Per la sua quarta fatica dietro la macchina da presa dopo Moglie e marito, Croce e delizia e Marilyn ha gli occhi neri, il regista capitolino ha scelto, prendendosi tutti i rischi del caso, di mettere mano a un tema da commedia classica all’italiana portando nelle sale l’ennesimo affresco umano idealmente orientato al passato che guarda a più riprese ai Parenti serpenti monicelliani come alle rivalità casalinghe di La famiglia di Ettore Scola, un po’ come hanno fatto prima di lui Gabriele Muccino e Francesco Lagi, rispettivamente con A casa tutti bene e Quasi Natale. Il tutto mixando toni, dinamiche e intenzioni, ma soprattutto prendendo le dedite distanze del caso, perché inutile quanto ingiusto sarebbe anche solo pensare a un confronto con pellicole e autori di quel calibro. Ecco allora che al di là del richiamo come ideale fonte d’ispirazione dalla quale attingere a piene mani non bisogna e non si deve andare. Godano dal canto suo e con la complicità in fase di scrittura di Luca Infascelli lo ha fatto ricorrendo all’immancabile reunion tra affetti che va a comporre un gruppo di famiglia in un interno destinato nella migliore delle ipotesi a ricucire gli strappi o nel peggiore ad implodere aumentando ulteriormente le distanze quel tanto da renderle una volta per tutte insanabili.

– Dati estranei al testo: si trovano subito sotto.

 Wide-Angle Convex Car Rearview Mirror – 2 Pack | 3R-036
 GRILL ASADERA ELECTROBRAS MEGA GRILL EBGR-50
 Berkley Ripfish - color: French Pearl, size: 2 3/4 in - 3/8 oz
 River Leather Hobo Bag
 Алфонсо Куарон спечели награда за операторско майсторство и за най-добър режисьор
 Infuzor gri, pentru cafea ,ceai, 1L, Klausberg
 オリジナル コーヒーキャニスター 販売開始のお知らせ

Alla visione di Sei fratelli l’ardua sentenza, ma una cosa è certa: mettere d’accordo tutti su come gestire un allevamento di ostriche ereditato da un padre che prima di morire lo ha trasformato in una utopistica coltivazione di perle, lasciando oltre ai “cocci” numerosi debiti e tantissimo altro da farsi perdonare, non sarà per niente facile. Questo perché come è facile immaginare gli Alicante, oltre ad essere una famiglia larghissima, è anche gelosa, risentita, a volte addirittura volubile e inconsistente tanto da rendere i singoli membri delle vere e proprie mine vaganti che insieme riflettono la società in cui viviamo. Il ché è terreno fertile e materia prima per alimentare una dramedy corale a sfondo casalingo che, come il modello d’oltreoceano o francese, cerca di fare coesistere registri agli antipodi da una parte e dall’altra la costante presenza in scena dell’ensemble chiamato a raccolta. Quest’ultimo è formato da una nutrita brigata (Riccardo Scamarcio, Adriano Giannini, Gabriel Montesi, Valentina Bellè, Claire Romain, Mati Galey) che sia individualmente che in squadra funziona e riesce a trasferire agli spettatori una vasta gamma di personalità nelle quali potersi rispecchiare. Con e attraverso di loro e le dinamiche che si vengono a creare che scaturiscono le emozioni cangianti, i sorrisi e le lacrime, che si incontrano lungo la timeline. Ed è qui che si muove prima la scrittura e poi la sua trasposizione, tanto nella messa in scena quando nella performance del cast che va a comporre la famiglia sgangherata e disfunzionale protagonista, le cui discussioni, rappacificazioni, intese e ostilità sono al centro della pellicola.
Un magma che scorre nelle pieghe di un film che parla di tempo perduto, legami affettivi e di memoria e lo fa tingendosi di realismo che chiede naturalezza e improvvisazione agli attori coinvolti e una macchina da presa a mano che respira all’unisono con loro, non curandosi nemmeno dei tagli sull’asse per restituire il più possibile la verità del momento. Peccato solo per quegli accenti mucciniani che soprattutto nell’ultima parte alzano i decibel dei dialoghi e che stonano con l’approccio più contenuto voluto da Godano per gran parte della narrazione.